I first heard about Outliers from my sister-in-law, Shalissa. Then Heidikins gave it five-stars, and a couple of other people I know read and blogged about some other Malcolm Gladwell books that they read in 2010 (Trish read Tipping Point and Janssen read Blink). During a middle of the night feeding, in which I had one hand available, I put Outliers on hold at the library, along with a couple of others I'd been meaning to read. It became available very quickly, and I devoured it right after I devoured The Guernsey Literary and Potato Peel Pie Society. (You know, this book review is becoming a memoir about my experience in obtaining the book rather than an actual review of it, so let's get down to business.)
The book sets out to explain why some people are successful. Mind you the book does not set out to explain how to be successful. Rather, it focuses on the happy accidents and cultural legacies that lead people to be successful.
Gladwell argues that though we tend to think that the only two ingredients to success are hard work and dedication, there are a lot of other factors that can really contribute to how successful we become, like birth date, birth location, and our parents' economic status.

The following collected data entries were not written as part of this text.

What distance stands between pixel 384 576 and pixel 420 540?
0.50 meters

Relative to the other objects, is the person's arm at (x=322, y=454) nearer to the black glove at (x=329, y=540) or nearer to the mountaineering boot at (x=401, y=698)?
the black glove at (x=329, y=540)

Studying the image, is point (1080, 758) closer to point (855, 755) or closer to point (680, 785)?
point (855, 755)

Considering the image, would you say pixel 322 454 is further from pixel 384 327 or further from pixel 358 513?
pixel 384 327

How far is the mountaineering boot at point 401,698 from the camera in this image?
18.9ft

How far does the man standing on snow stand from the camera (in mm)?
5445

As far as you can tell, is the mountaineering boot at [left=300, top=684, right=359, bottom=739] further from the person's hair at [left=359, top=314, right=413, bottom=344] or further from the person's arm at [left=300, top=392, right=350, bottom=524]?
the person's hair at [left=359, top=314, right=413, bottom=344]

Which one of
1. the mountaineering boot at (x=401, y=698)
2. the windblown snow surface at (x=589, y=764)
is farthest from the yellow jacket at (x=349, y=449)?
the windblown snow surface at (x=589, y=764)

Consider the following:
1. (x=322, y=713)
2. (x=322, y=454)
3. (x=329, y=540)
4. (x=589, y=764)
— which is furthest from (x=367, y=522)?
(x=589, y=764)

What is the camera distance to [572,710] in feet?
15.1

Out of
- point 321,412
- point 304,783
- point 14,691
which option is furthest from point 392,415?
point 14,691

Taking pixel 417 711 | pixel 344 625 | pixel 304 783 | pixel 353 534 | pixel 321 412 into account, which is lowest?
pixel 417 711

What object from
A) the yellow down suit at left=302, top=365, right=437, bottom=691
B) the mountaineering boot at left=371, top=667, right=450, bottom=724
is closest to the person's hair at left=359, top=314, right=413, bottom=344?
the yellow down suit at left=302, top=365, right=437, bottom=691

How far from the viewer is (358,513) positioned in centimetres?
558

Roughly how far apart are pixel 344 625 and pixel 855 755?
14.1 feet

A number of reviews that I read mentioned that Gladwell throws away the belief that success is all about hard work and dedication. In a way, that is true. I think it's important to note, though, that even when he discusses the backstories behind some of the successes, he never fails to mention that these people, in addition to having a great stroke of luck, also worked incredibly hard to become successful.

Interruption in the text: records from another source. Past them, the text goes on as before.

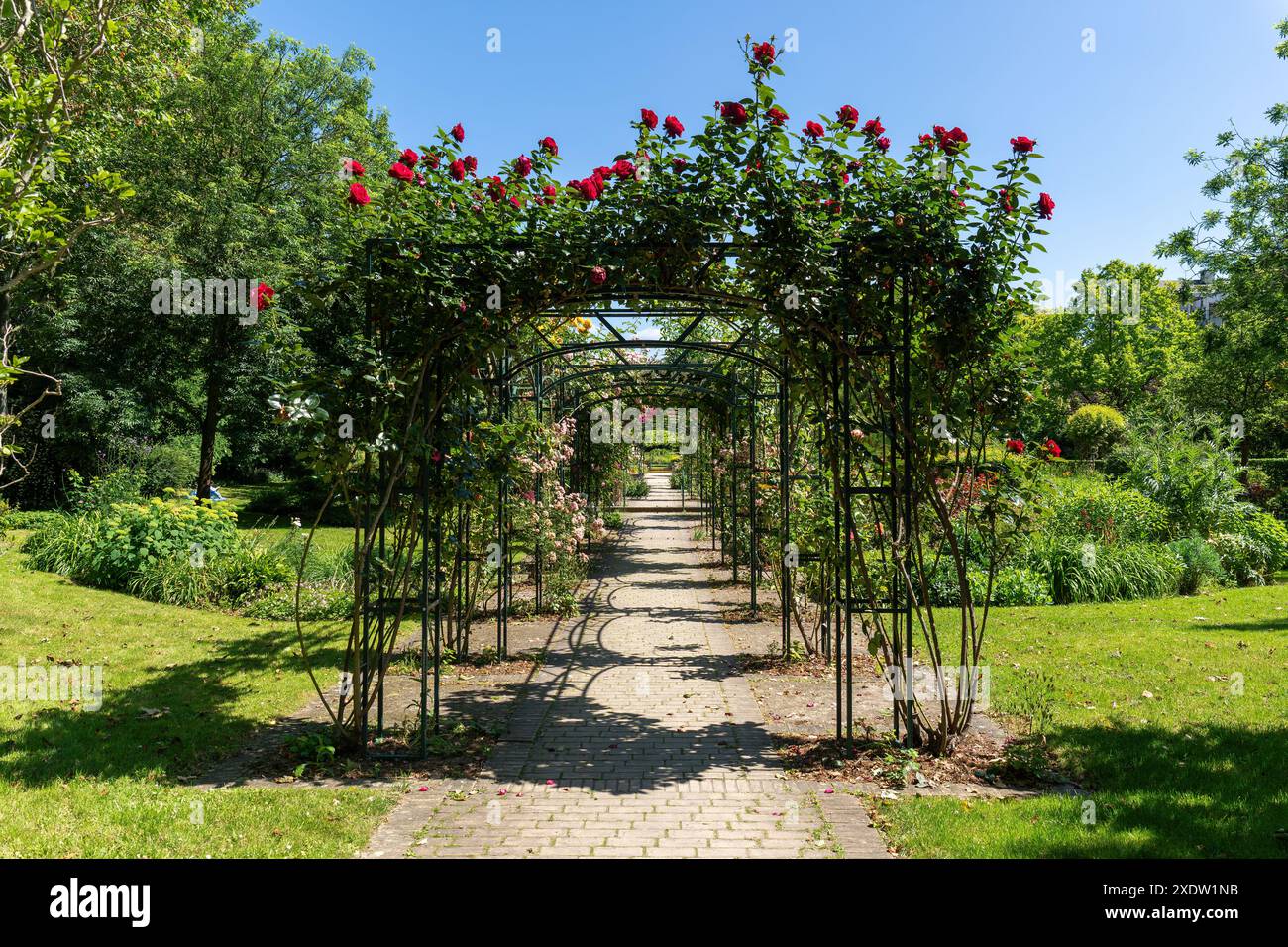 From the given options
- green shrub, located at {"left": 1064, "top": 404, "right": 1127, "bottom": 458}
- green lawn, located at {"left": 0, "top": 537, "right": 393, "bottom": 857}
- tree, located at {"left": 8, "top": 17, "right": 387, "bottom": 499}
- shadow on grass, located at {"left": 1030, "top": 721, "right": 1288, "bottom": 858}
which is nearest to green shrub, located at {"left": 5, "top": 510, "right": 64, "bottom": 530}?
green lawn, located at {"left": 0, "top": 537, "right": 393, "bottom": 857}

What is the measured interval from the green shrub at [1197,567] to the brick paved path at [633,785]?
6677 mm

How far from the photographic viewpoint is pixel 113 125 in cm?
1112

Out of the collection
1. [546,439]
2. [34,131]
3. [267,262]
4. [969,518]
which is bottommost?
[969,518]

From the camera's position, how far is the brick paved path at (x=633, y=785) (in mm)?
3793

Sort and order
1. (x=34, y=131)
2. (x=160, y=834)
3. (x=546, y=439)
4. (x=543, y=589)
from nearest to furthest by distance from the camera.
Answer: (x=160, y=834) < (x=34, y=131) < (x=546, y=439) < (x=543, y=589)

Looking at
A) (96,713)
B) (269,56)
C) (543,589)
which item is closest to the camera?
(96,713)

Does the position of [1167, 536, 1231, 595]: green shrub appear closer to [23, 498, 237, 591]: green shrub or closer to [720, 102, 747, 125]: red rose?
[720, 102, 747, 125]: red rose

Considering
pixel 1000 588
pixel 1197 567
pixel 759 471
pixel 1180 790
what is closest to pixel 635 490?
pixel 1197 567

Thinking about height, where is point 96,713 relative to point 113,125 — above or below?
below

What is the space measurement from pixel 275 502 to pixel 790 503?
17099mm

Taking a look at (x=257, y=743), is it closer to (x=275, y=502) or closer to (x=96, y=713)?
(x=96, y=713)

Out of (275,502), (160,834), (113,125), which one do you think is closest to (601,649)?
(160,834)

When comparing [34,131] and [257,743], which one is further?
[34,131]

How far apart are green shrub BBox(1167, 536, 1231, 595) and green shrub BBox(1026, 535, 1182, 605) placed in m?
0.20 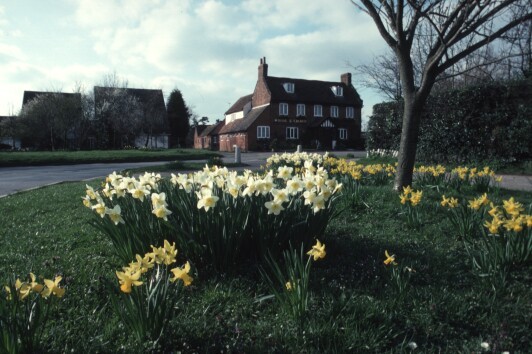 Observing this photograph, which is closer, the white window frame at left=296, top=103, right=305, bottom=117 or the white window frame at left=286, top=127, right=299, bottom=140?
the white window frame at left=286, top=127, right=299, bottom=140

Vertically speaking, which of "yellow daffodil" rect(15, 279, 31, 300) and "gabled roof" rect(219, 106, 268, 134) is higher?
Result: "gabled roof" rect(219, 106, 268, 134)

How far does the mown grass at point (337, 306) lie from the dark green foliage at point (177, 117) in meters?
60.3

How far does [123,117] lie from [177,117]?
58.0 feet

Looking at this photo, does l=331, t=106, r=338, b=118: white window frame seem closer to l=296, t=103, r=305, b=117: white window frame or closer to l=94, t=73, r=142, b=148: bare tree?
l=296, t=103, r=305, b=117: white window frame

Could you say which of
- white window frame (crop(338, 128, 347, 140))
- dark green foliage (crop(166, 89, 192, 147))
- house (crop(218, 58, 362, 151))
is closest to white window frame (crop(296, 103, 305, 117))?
house (crop(218, 58, 362, 151))

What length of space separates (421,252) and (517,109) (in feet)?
35.9

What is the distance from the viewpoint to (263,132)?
45.7 metres

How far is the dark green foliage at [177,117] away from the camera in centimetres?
6272

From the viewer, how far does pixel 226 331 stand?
2414mm

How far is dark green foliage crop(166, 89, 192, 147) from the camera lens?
62.7 m

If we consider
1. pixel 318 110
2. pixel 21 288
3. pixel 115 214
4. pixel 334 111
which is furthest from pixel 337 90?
pixel 21 288

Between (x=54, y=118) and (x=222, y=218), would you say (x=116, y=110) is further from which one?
(x=222, y=218)

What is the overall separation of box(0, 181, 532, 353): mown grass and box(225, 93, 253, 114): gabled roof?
1969 inches

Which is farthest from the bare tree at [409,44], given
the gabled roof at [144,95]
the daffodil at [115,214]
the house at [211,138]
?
the house at [211,138] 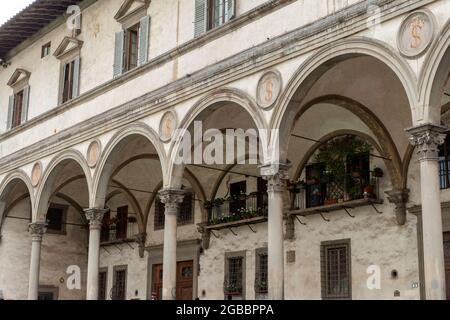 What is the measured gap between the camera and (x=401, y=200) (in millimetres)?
14016

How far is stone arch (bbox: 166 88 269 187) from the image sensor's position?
1259 cm

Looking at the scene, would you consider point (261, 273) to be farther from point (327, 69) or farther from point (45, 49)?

The book is full of interesting case studies and analysis. For instance, early in the book he discusses how the month in which you are born can determine how successful you are in school. For example, in the United States kids usually start school (in what we call Kindergarten) at age 5. Generally the cut-off date for starting school is about September 1, give or take a few weeks depending on the state, school district, etc. Now, when you are talking about five-year-olds, a few months can mean a world of difference in developmental abilities. When you are looking at a kid who barely missed the cut-off date the previous year and who turns 6 just a few days into the school year and comparing him with a kid who turned 5 just in time for the cut-off date of this school year, there can be a vast difference. Now, let's say those kids are weeded out early for advanced programs. Who is most likely to be advanced? Generally, the kids who are older will have a head-start. Then, once they are in the advanced programs, they have that much more of an advantage - smaller class sizes, more challenging course material that stretches the gap even further, and more attention from teachers. Now, obviously, this doesn't mean that if your kid is born in the wrong month he'll never get into the advanced classes. There are plenty of kids born later in the school year who have great academic success. But let's just say that a kid is above average, but not necessarily so high above average that it's obvious he's bright. When he is so much younger than his peers, his above average aptitude may go unnoticed.
With all that said, Gladwell does propose a solution - in the early elementary years, sort the children into classes based on the time of year they were born. With time the kids can start being integrated together more normally, but this setup would be helpful initially.
I would have liked to have seen more of these proposed solutions in Gladwell's book. He does an astoundingly good job of breaking down the reasons behind success, but I felt like he was inconsistent in providing solutions to some of the problems he points out. Granted, some of the problems probably can't be solved, but many of them could be, and I think Gladwell's got the smarts to address those problems.